My hypothesis is that such full solutions are feasible with today’s renewable technologies. When we add up the monthly or usage fees an operator can charge for these services, the overall system is likely to be economical, not only for the rural un-electrified households of today, but even in urban areas, such as multi-apartment residential housing societies of the kind I grew up in. The doctors called electricity services providers should treat all illnesses.
Open issues remain but are not insurmountable. For instance, should the electricity system be a part of a village microgrid? Should the panels be installed on individual homes, or in a central location? Are people likely to use cookstoves at about the same time, and therefore, create demand peaks and shortages? Can usage be scheduled at staggered intervals to avoid that? Would time-of-use based pricing help demand management? Can we over-design the systems, using batteries and some gas-based generators, so that shortages are manageable?
Village Microgrids for Rural Clean Cooking
Having experienced the miracle induction cookstoves represent, in an article on February 27, I argued for microgrids for powering them. I assumed solar power would be converted to AC at 110 V or 220 V using inverters, and thus rendered suitable for induction cooking.
After writing that article, on March 3, I witnessed the use of solar generated DC power fed into a (slightly modified) classic resistance coil cookstove. The water boiled in fifteen minutes at the home of Dr. Barry Butler, in Solana Beach, Calif. This was my first experience of direct solar-powered DC for cooking. Walmart sells a resistive hotplate for $10 compared to induction versions for $65. These could herald the age of solar-powered microgrids for cooking.

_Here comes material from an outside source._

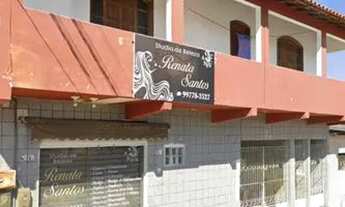 Imagem: Casa Comercial ao lado da praça principal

Clean Cooking for Urban High Rises
Consider the housing society where I grew up — two buildings facing each other with 16 apartments each, four to each floor. There is no space for regular solar panels large enough for anything beyond minimal use, for instance, lighting. But on the terrace on top of each building, there is sufficient space for CPV — Concentrated Photovoltaics — installations. Can CPV-based solar electricity be used for urban cooking, and at a price point lower than the cost of LPG, and traditional grid electricity-based cooking? I think so, but no one has yet done the modeling to prove it.

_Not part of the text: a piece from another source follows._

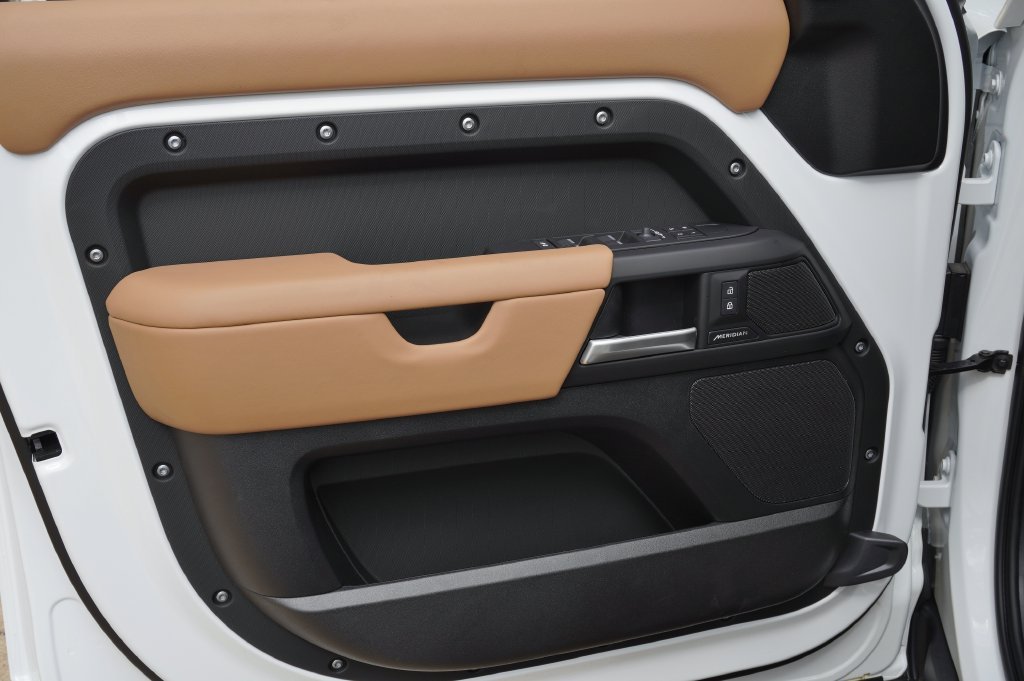 New 2026 Fuji White Land Rover S image 10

CPV has practically died as a technology and a product. I have misgivings about it. My disquiet stems from the sense that this should not be. The core idea of concentrating solar power to reduce land use and for more efficient sunlight to power conversion makes sense. But crystalline PV has won the solar deployment battle, mainly because the Chinese manufactured it to such a scale that prices dropped dramatically. Moreover, governments, including India, have political reasons to brag about “GW of solar” deployed. Unfortunately, acres and acres of PV deployment for grid-tied power have crowded out CPV for urban use.

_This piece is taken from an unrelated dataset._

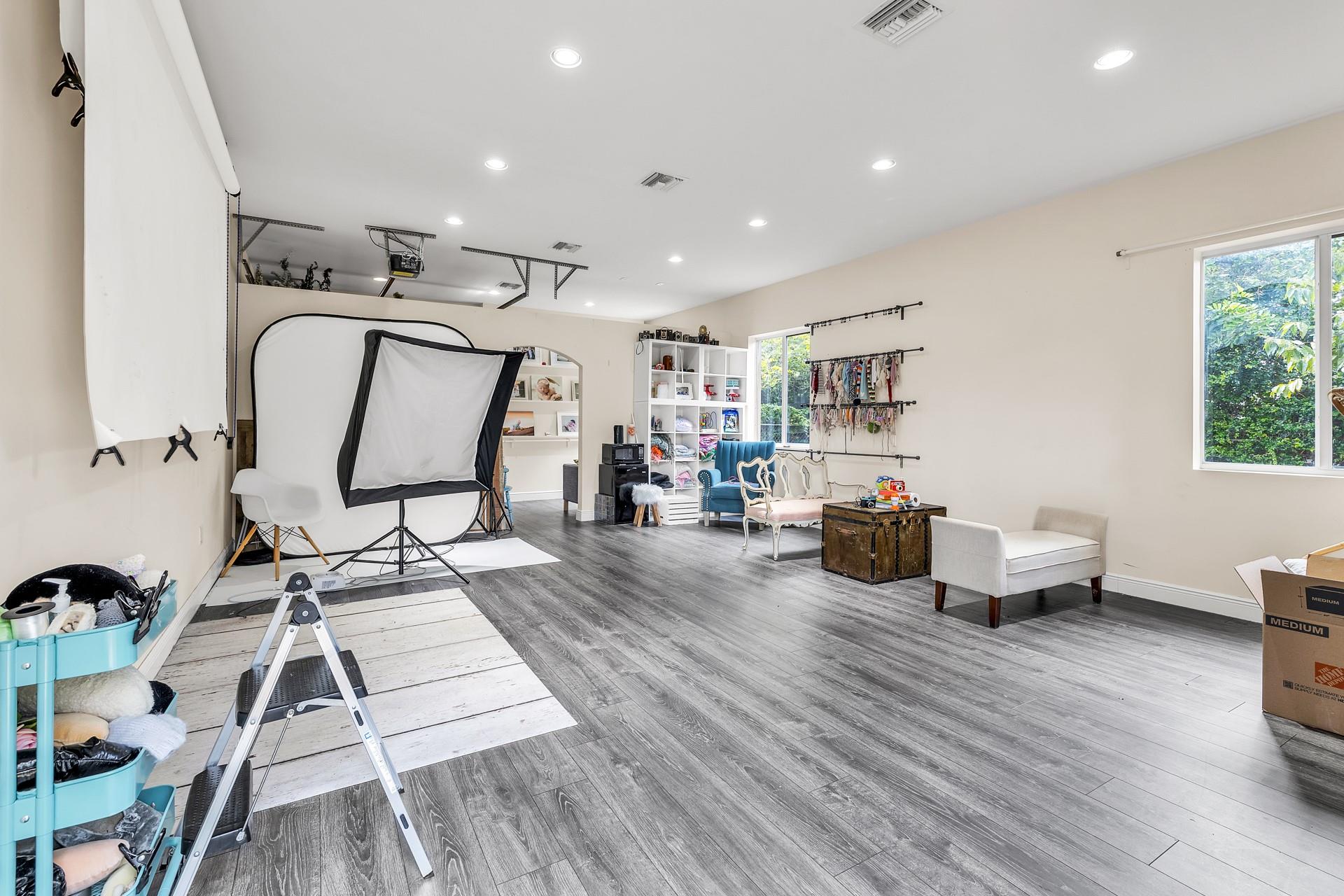 Everglade Land Sales Co R - Residential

With CPV, there are still close-tolerance moving parts; the technology is not mature and standardized yet. Nevertheless, just as China did with PV, China or someone else could manufacture CPV at scale, reduce costs, and deploy massively. CPV and urban use are perfect complements, and urban cooking, and eventually e-bike or EV charging, can be the “killer” apps. My conclusion: clean cooking, urban and rural, is the next frontier for renewable energy systems.